For instance, it not only takes Gopi’s fierce understanding of squash seriously, it offers significant space to her to allow her to express her personal philosophy of the sport. What does it feel like to be alone in the T of the court? How do players think of throwaway advice on their game? There is a holiness associated with hearing sportspersons talk of their internal compulsions while playing – Maroo accords it all to her young protagonist. She raises her love for squash to a holy plane, positing as her inspiration one of the greatest in the sport, the real-life Pakistani hero Jahangir Khan.

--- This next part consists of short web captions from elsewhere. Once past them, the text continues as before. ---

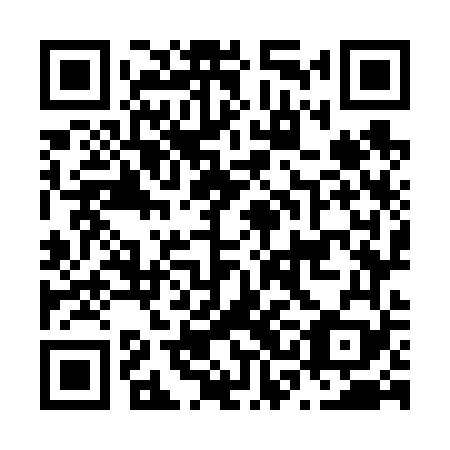 QR code for N3O 669
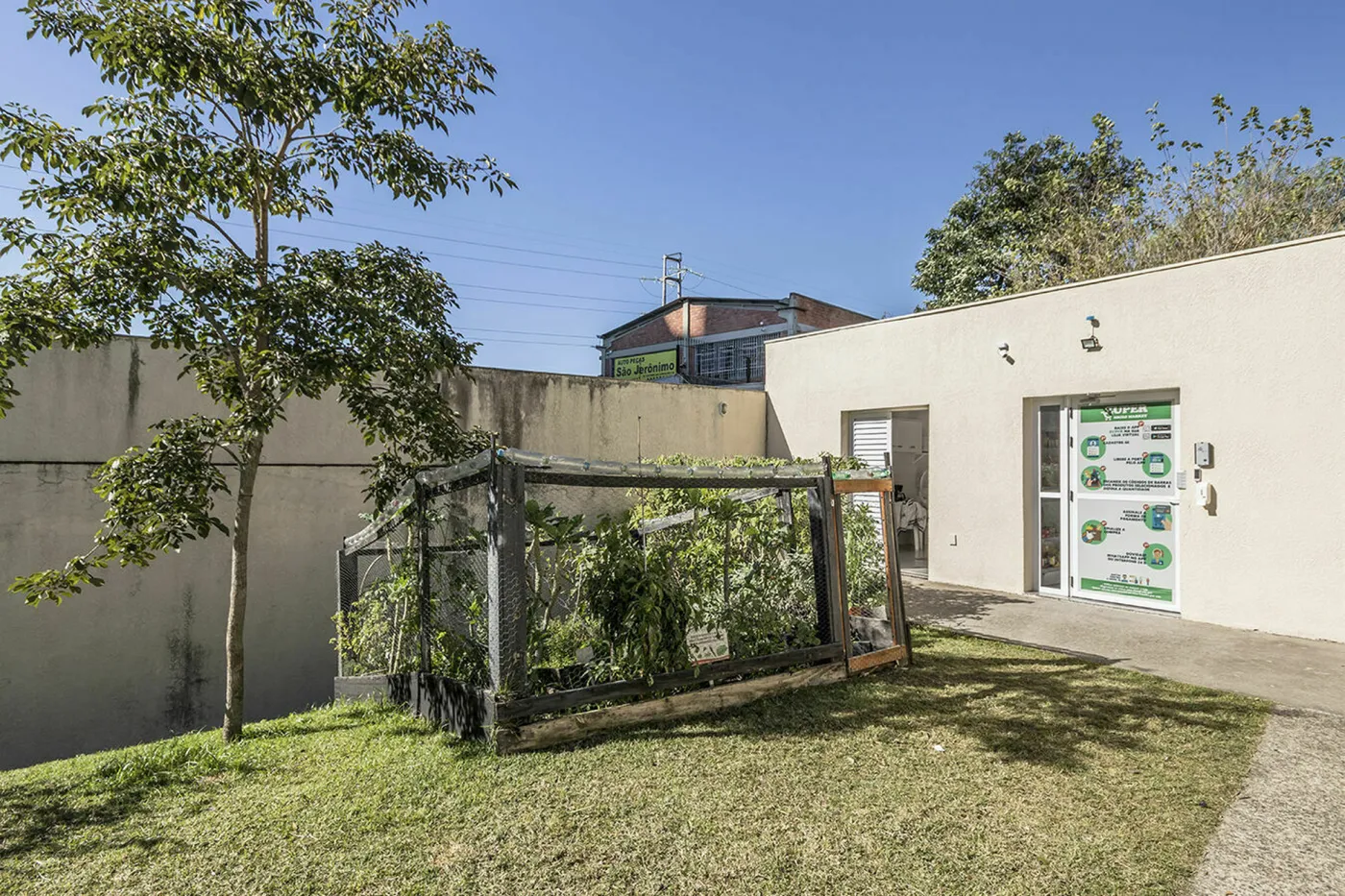 PPT 927 Apto 317 - Dubois Imóveis Exclusividades — foto 5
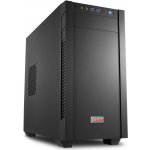 HAL3000 PowerWork AMD 221 PCHS2539W11 – Hledejceny.cz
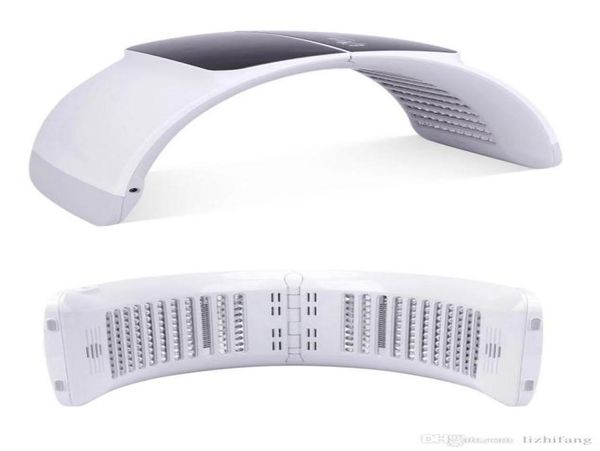 new foldable professional ipl 7 light led facial mask pdt lights skin therapy face skins rejuvenation beauty equipment1535878
new foldable professional ipl 7 light led facial mask pdt lights skin therapy face skins rejuvenation beauty equipment1535878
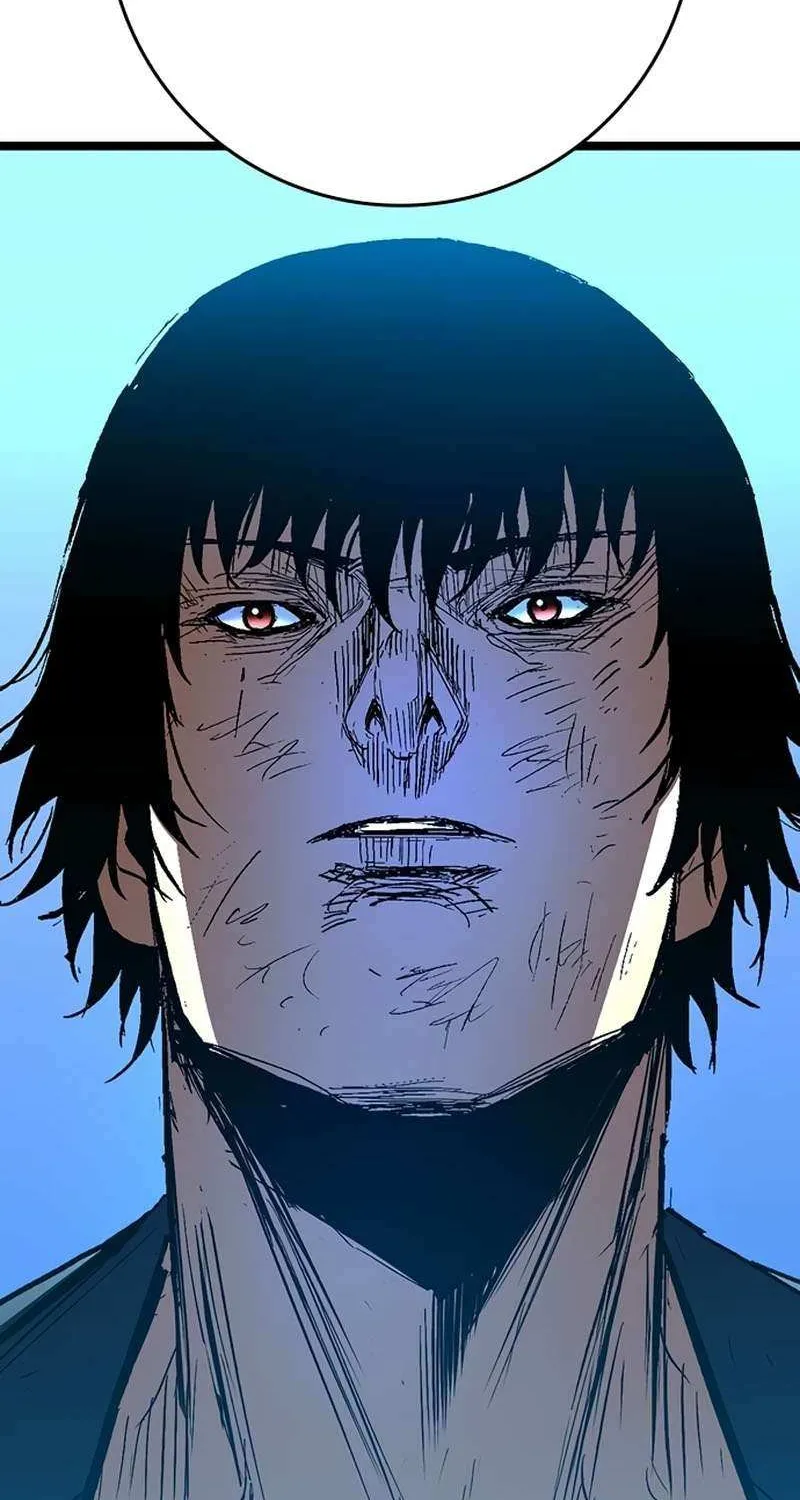 Read Hanlim Gym chapter 244 image 63 on Lezhin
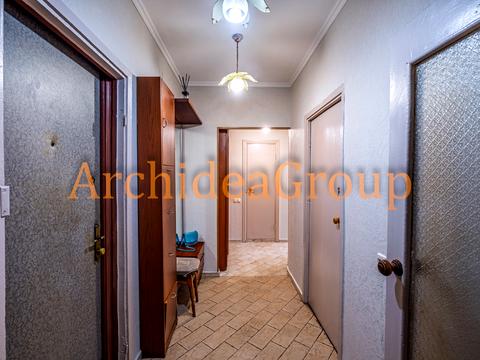 квартира за адресою Мирослава Поповича вул. (Семашка), 16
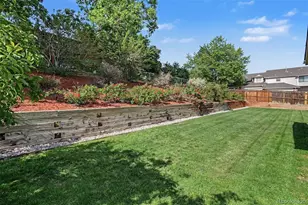 3805 W Union Ave, Denver, CO 80236 - Photo 37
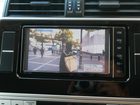 車両画像17
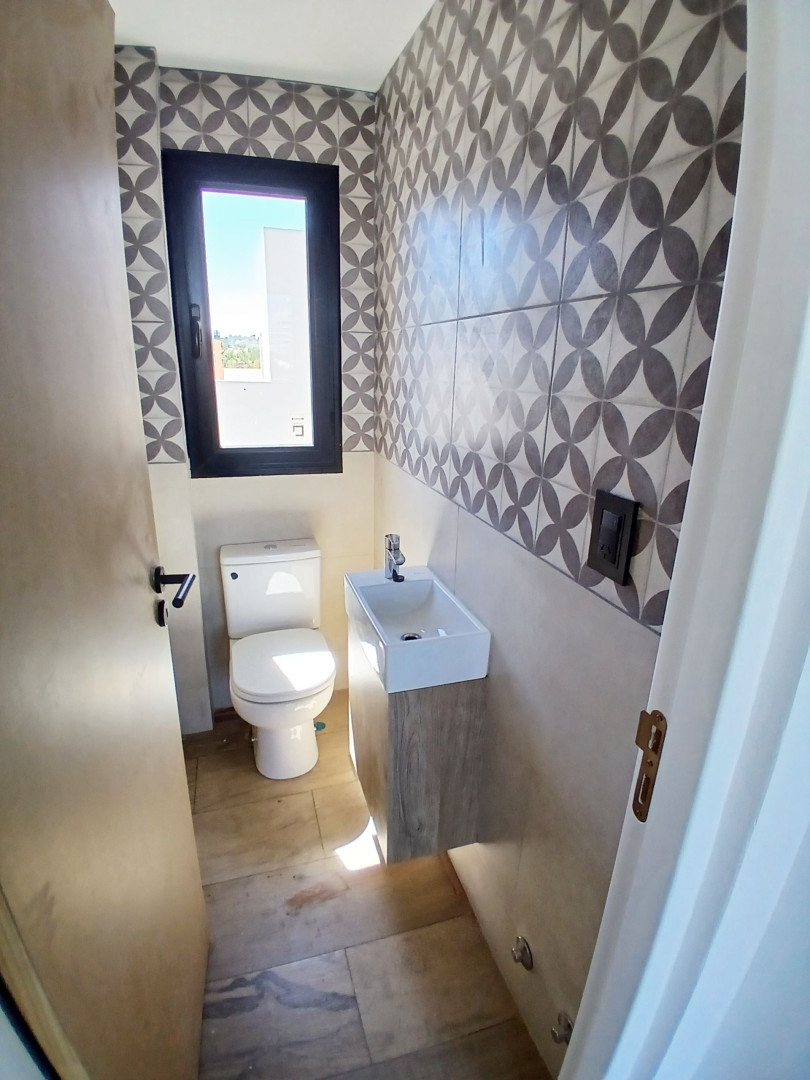 Departamento en Venta en Florencio Sanchez 721, Napostá, Bahía Blanca - Bahía Blanca Propiedades | SITIO OFICIAL l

No one allows young girls to speak this way – to have a sacred sense of seriousness over a world like sports which is quite abundantly occupied by men.

The book respects the unshorn grit that girls have, and also that essential teenage experience – of that gigantic internal churn when society, family and you yourself are pulling yourself in different directions. Here too, brevity is beautiful. With the overarching tool of grief, Maroo delves into that liminal state and offers the reader a bit of a revelation. Her technique is so sharp that it strikes you as otherworldly in a world of novels dealing in fantasy or sharp realism.

For a work of words, this story of an immigrant Gujarati Jain family has a lot of silences.

Maroo’s readers are sure to be familiar with the shattering quiet that occupies houses after deaths. But they may not be aware of how a novel can feast on this silence. The wordlessness is tyranny to the reader but to the inhabitants of the novel, it is necessary and calm, and as a result, almost stark in its beauty. Feelings pass from Gopi to Pa, from Kush to Pa, from Pa to Ged’s mom, from Gopi to Ged, from character to character, like notes are carried by instruments in a concerto.

Take this passage, for instance, where Pa is tired but it’s Gopi who speaks of it.

‘You can stop,’ he said.

He placed the racket gently on the floor. He looked so tired. 

‘I’m tired,’ I said. My heart was beating hard.

‘I know.’

How can a work of art be so devoid of artifice? The reader is forced to wonder. 

Western Lane is a triumph of the form of the novel while at once challenging the role it can play in representing realities otherwise familiar to its trope. That it is Maroo’s debut novel is a startling fact. Nowhere does the sanctity of her unique tone falter, there is nothing in the novel that is not deeply sacred to loss. And squash.